→ **Task directions**
The response must reproduce every record below without alteration.
# # #
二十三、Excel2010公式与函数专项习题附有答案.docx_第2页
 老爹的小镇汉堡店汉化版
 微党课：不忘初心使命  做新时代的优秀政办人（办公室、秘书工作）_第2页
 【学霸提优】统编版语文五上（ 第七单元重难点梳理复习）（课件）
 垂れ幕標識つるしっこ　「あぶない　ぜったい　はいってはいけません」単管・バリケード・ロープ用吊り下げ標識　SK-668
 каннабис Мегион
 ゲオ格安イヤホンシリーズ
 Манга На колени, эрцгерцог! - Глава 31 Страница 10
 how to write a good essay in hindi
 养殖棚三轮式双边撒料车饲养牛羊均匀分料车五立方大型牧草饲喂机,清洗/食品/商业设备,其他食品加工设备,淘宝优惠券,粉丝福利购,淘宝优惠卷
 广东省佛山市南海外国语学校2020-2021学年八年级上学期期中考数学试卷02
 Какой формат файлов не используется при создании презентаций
# # #
→ **Task answer**
二十三、Excel2010公式与函数专项习题附有答案.docx_第2页
 老爹的小镇汉堡店汉化版
 微党课：不忘初心使命  做新时代的优秀政办人（办公室、秘书工作）_第2页
 【学霸提优】统编版语文五上（ 第七单元重难点梳理复习）（课件）
 垂れ幕標識つるしっこ　「あぶない　ぜったい　はいってはいけません」単管・バリケード・ロープ用吊り下げ標識　SK-668
 каннабис Мегион
 ゲオ格安イヤホンシリーズ
 Манга На колени, эрцгерцог! - Глава 31 Страница 10
 how to write a good essay in hindi
 养殖棚三轮式双边撒料车饲养牛羊均匀分料车五立方大型牧草饲喂机,清洗/食品/商业设备,其他食品加工设备,淘宝优惠券,粉丝福利购,淘宝优惠卷
 广东省佛山市南海外国语学校2020-2021学年八年级上学期期中考数学试卷02
 Какой формат файлов не используется при создании презентаций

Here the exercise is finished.